LAT automatically binds many primitive source data types to Ocient column data types and automatically converts some source types to the target column type. Different source data types automatically bind to target columns using different conventions.

For example, a string in JSON such as '123' that loads into an INT column properly binds to the corresponding integer value 123. Similarly, an integer like 456 can automatically bind to an INT column as 456, a FLOAT column as 456.0, and a VARCHAR column as '456'. Finally, a string including Well-Known Text (WKT) representation of a POINT automatically binds into an ST_POINT column.

Empty String Handling

When you attempt to load an empty string into a target column with LAT, most data types raise an error and the record does not load into the target table. The exceptions are varchar, decimal, binary, and array column types. In those cases, the data warehouse loads these values:

  • varchar: An empty string
  • decimal: 0.0 (with the appropriate precision)
  • binary: An empty binary blob
  • array: An empty array

When you extract data from text-based formats like delimited data, the data warehouse loads empty data as an empty string unless you use the empty_as_null setting.

NULL Handling

If you do not provide a value for a column in the target table, this table explains what value the data warehouse stores in the column. For the purposes of default value handling, these are equivalent:

  • Pipeline is missing a column.
  • Pipeline includes a column but the value in the JSON or the source data evaluates to null.
  • Pipeline includes a column but the field is missing on the source record (e.g., a.b does not exist in a JSON record).

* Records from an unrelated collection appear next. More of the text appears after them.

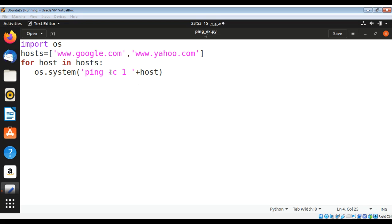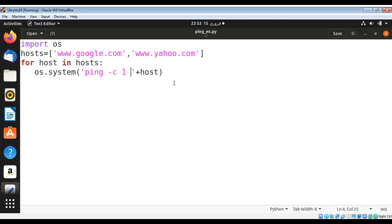This minus c is for count and this is one, its value, and then the host. Now I just need to run this script. We need a space over here, I just added space.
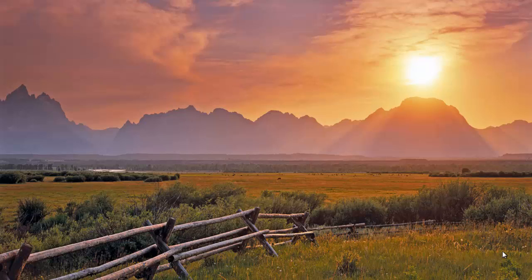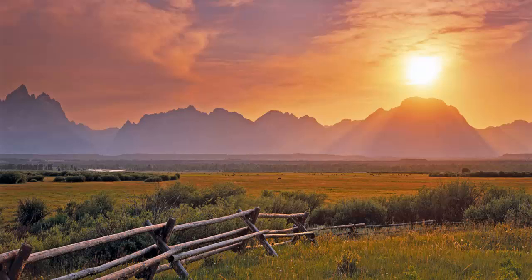Also make sure to connect your Korg Nano Key 2 keyboard before launching FL Studio, because many times FL Studio doesn't recognize the device if it's connected after launch. After connecting, open FL Studio.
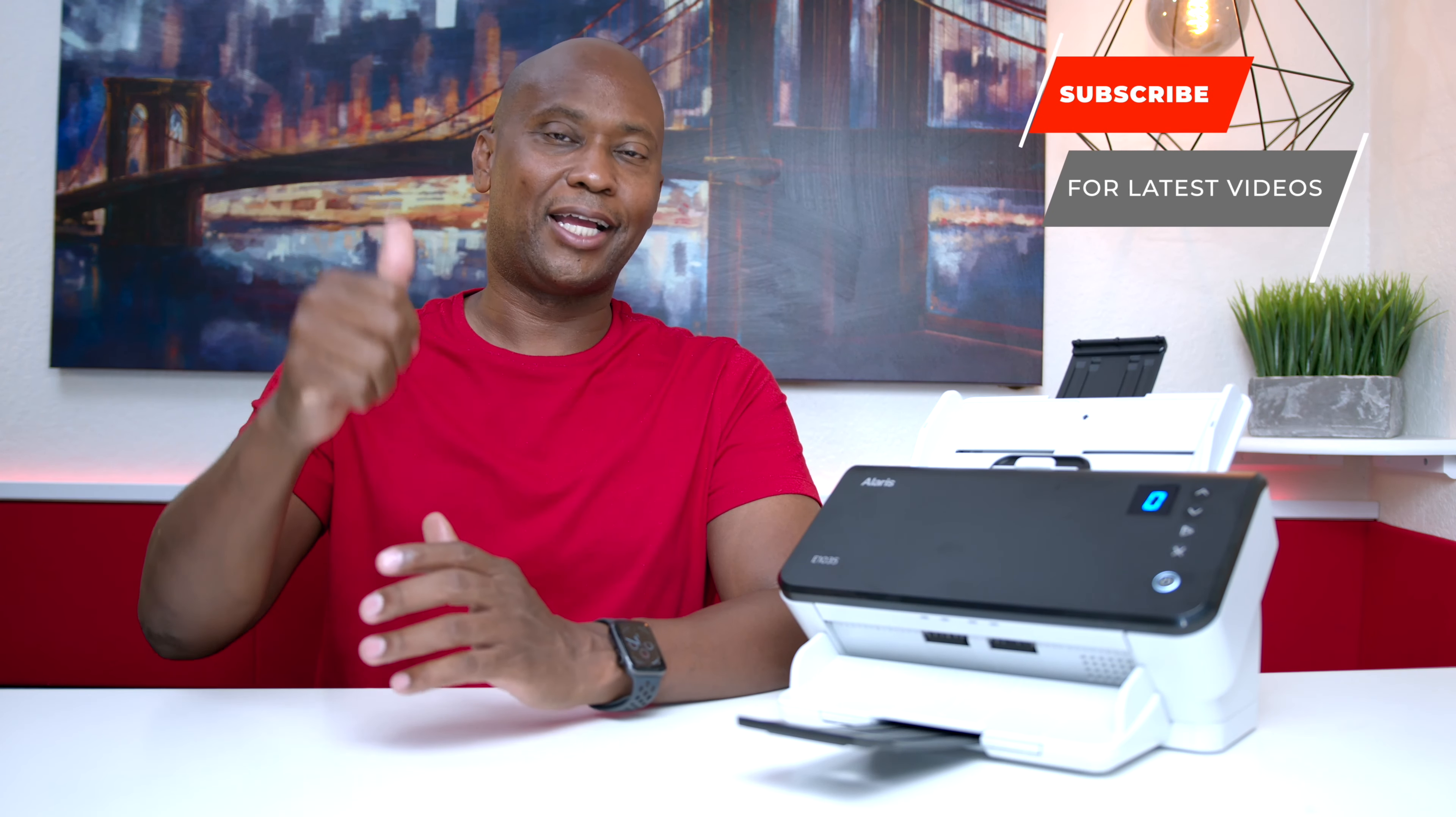The price on it is around $400 and I'll leave a link in the description below. If you like my video, go and give me a thumbs up, subscribe to my channel, and I'll see you guys on my next video. Peace!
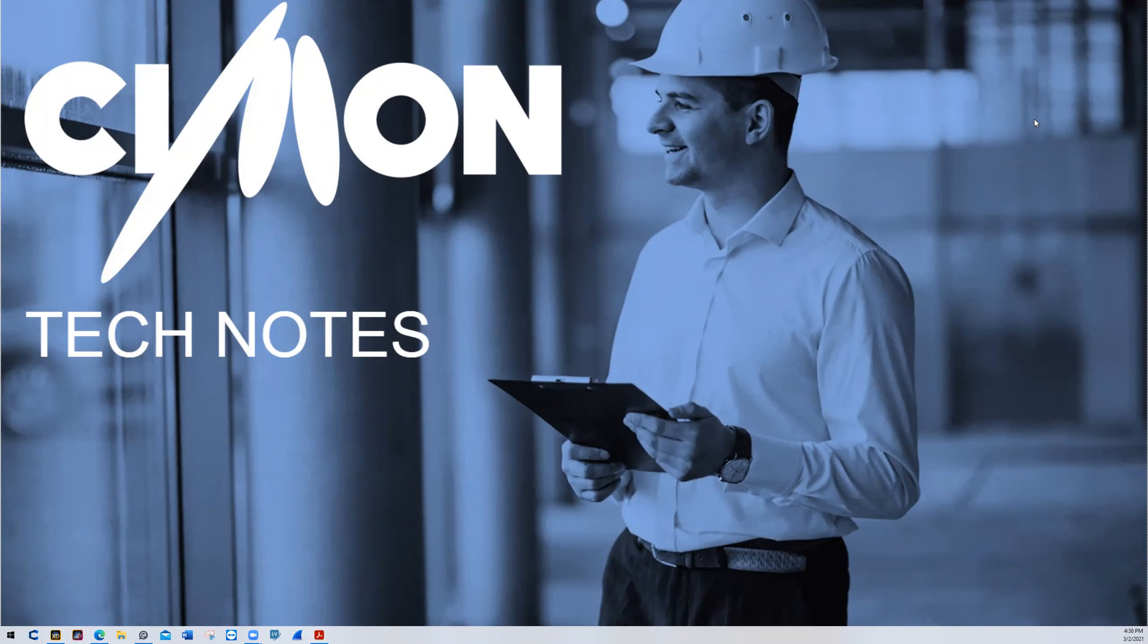Hello and welcome to Simon Tech Notes. My name is Christian and I'm part of the technical support team here. In this video we'll be going over how to change the position of a layered object.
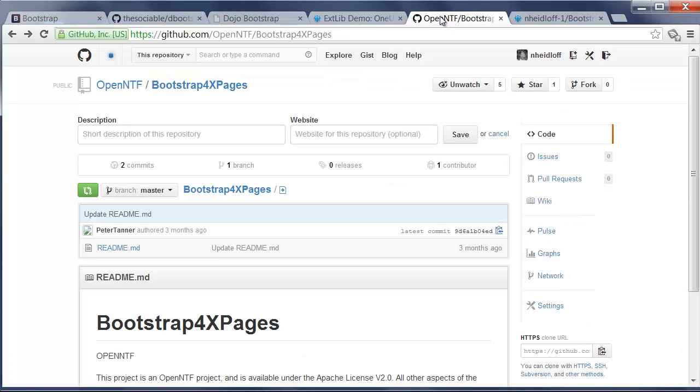Check out the README file where we have a list of ideas for features that we really would like to do. Again, if you want to help out or have ideas for extensions, please contact us. Thanks a lot for your attention.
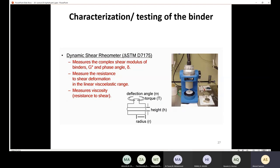We also have the Dynamic Shear Rheometer (DSR). A sample is taken and a torque is applied at some angle. The purpose of this test is to measure the complex shear modulus (G*) and the phase angle of the binder. The dynamic shear rheometer measures the resistance to shear deformation in the linear viscoelastic range, because the behavior of the asphalt cement binder is viscoelastic. It also measures viscosity in terms of resistance to shear.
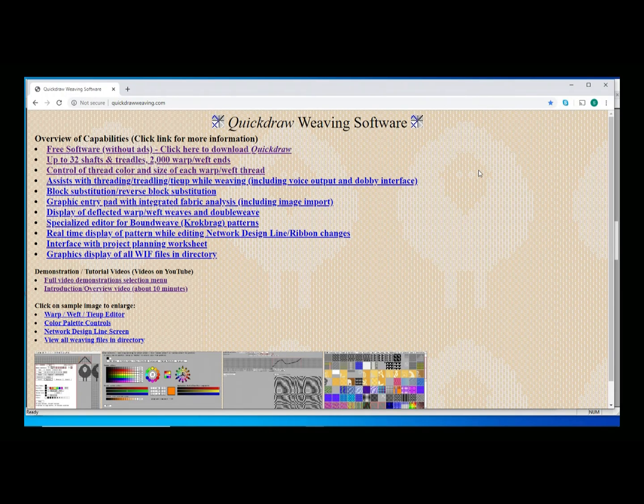This will be a description of how to download the Quickdraw Weaving program from the quickdrawweaving.com website. I've got that open here.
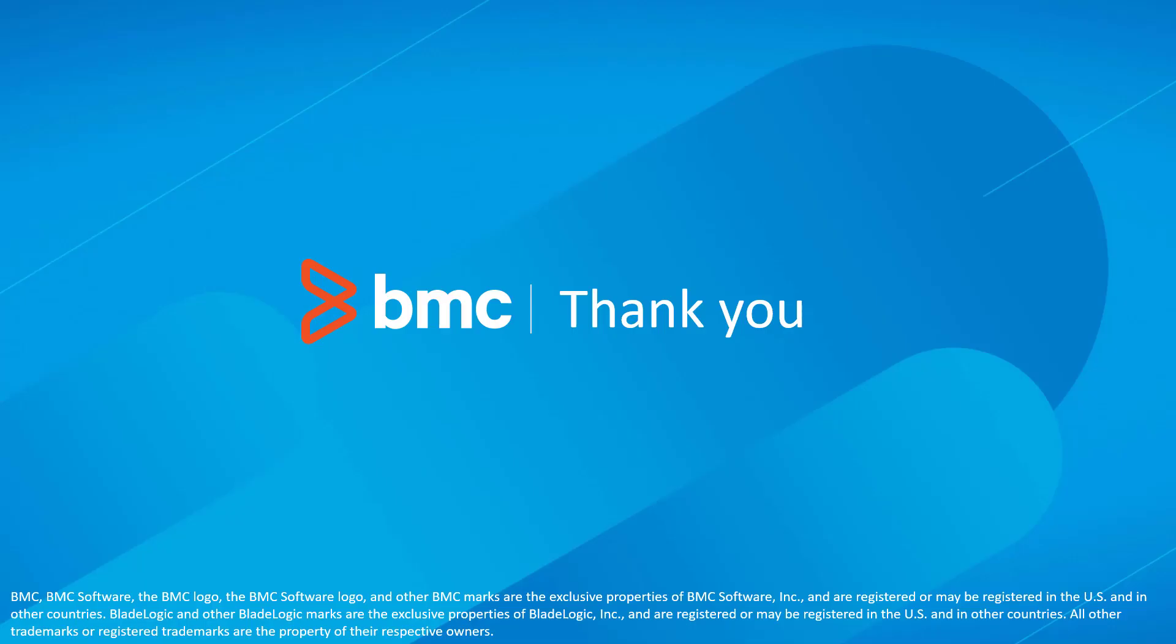That concludes this Control-M solutions video. Please see our YouTube channel for more videos like this.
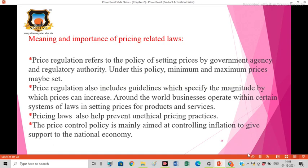Around the world, businesses operate within a certain system of laws in setting prices for products and services. The pricing laws also help prevent unethical pricing practices. The price control policy is mainly aimed at controlling inflation to give support to the national economy.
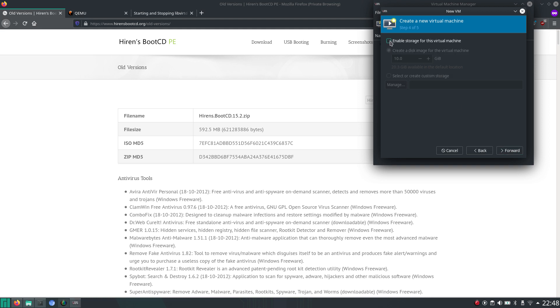And because we have an ISO image, we don't necessarily need additional storage like emulating a hard disk. In other scenarios, you might want to do that. But in this case, this will be just a quick demo of the BootCD.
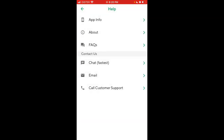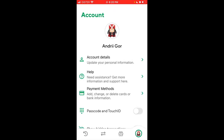Usually apps just have a button in the menu where you can delete the account, but if the app doesn't have that kind of button, you just need to write in to request deletion. That's how it works — thanks for watching.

To transform a NULL or missing value into a default in the pipeline, use the transformation functions. For example: not_null(a.b, 'my_default')

Ocient Column Definition

Database Behavior When Column is Missing or Column Value Evaluates to NULL

NOT NULL with default

Default

NOT NULL with no default

Record fails

Nullable with default

Default

Nullable with no default

NULL

Data Type Binding

Refer to the Data Types for detailed information about each data type. These tables describe the automatic binding conventions of each data type.

BIGINT

Valid JSON Bind Types: 

Number, String 

Note: 

Number and String can be either integer or floating point values and are converted to 64-bit signed integers. Decimals are dropped. '+','-' can be used at the beginning of a string to indicate sign. String overflows result in errors, while numeric overflows are silent. 

Example: 

{  "number_bigint": 1.0,  "string_bigint": "1"  }  -> 1, 1 

BINARY

Valid JSON Bind Types: 

String 

Note: 

Converted as UTF-8 to binary: each character in the string taking its binary representation. 

Example: 

{  "string_binary": "hello"  }  -> BINARY(01101000 01100101 01101100 01101100 01101111) 

BOOLEAN

Valid JSON Bind Types: 

Boolean, String 

Note: 

For a value of true, a string must be one of (case insensitive): true, t, yes, on, y, 1. 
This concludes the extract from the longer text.